### GIVEN DATA

---------------

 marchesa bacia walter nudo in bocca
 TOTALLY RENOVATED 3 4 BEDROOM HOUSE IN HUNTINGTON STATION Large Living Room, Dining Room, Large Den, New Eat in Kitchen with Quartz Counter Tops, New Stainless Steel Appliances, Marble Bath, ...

---------------

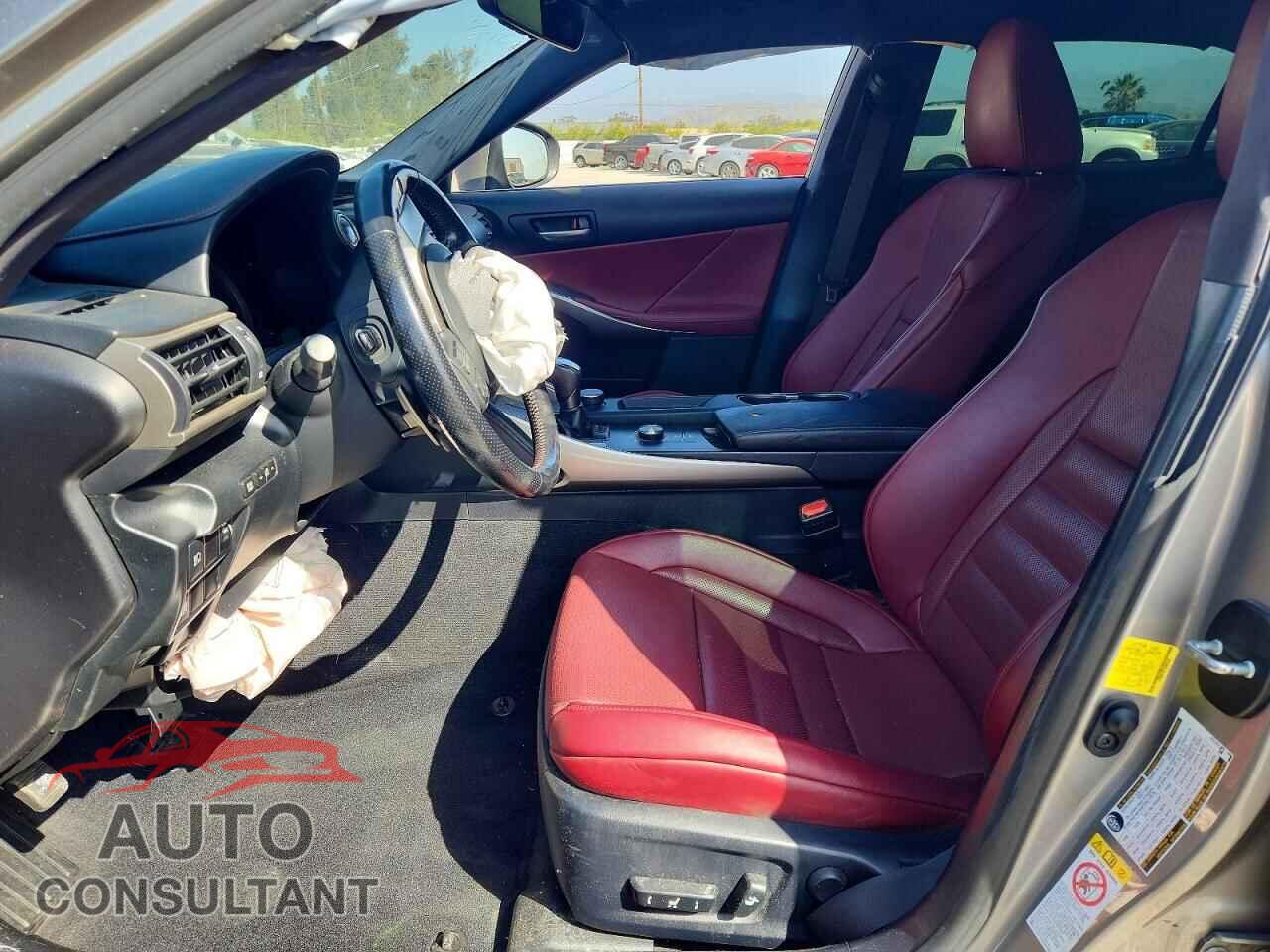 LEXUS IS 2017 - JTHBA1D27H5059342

---------------

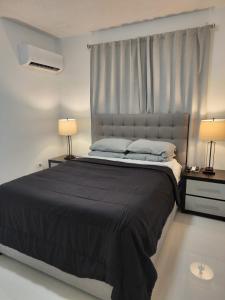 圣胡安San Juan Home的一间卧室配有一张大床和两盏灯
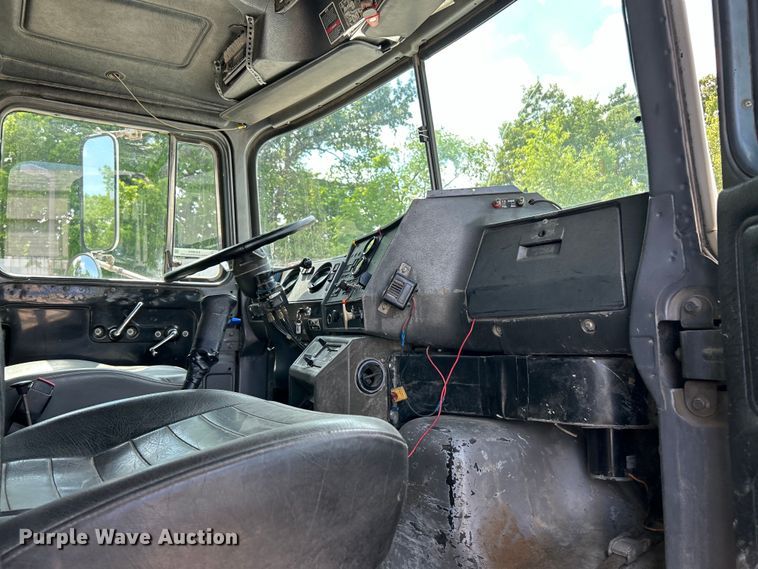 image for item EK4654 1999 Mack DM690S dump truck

---------------

### EXERCISE
The answer is the lines above between the line holding "marchesa bacia walter nudo in bocca" and the line holding "TOTALLY RENOVATED 3", inclusive, each written out exactly, and no others.

### REPLY TO THE EXERCISE
 marchesa bacia walter nudo in bocca
 TOTALLY RENOVATED 3 4 BEDROOM HOUSE IN HUNTINGTON STATION Large Living Room, Dining Room, Large Den, New Eat in Kitchen with Quartz Counter Tops, New Stainless Steel Appliances, Marble Bath, ...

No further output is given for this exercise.